Short text fragments from websites:
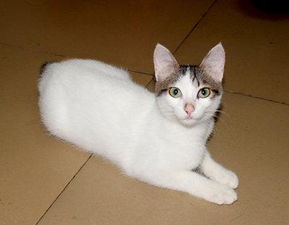 怎么坐客车带宠物猫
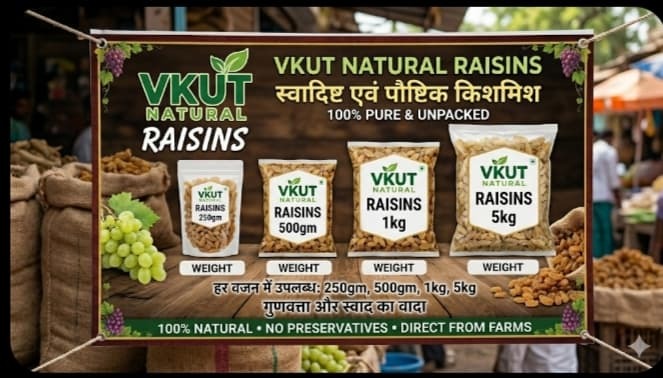 VKUT Natural Golden Raisins (किशमिश)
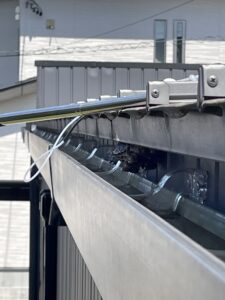 樋に作られたアシナガバチの巣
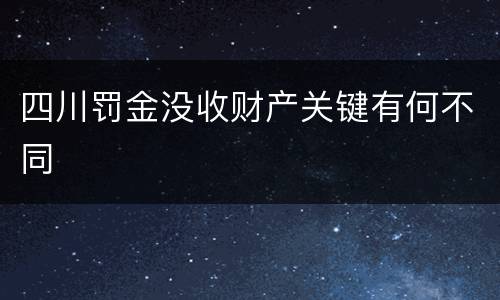 四川罚金没收财产关键有何不同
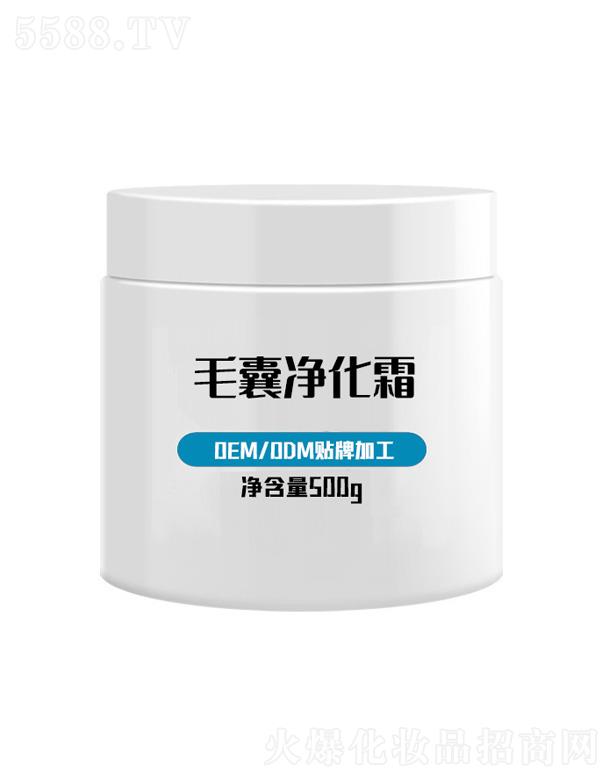 ë���坍˪ 500g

Work request: Copy out every entry above verbatim. Leave each picture out.

Response:
 怎么坐客车带宠物猫
 VKUT Natural Golden Raisins (किशमिश)
 樋に作られたアシナガバチの巣
 四川罚金没收财产关键有何不同
 ë���坍˪ 500g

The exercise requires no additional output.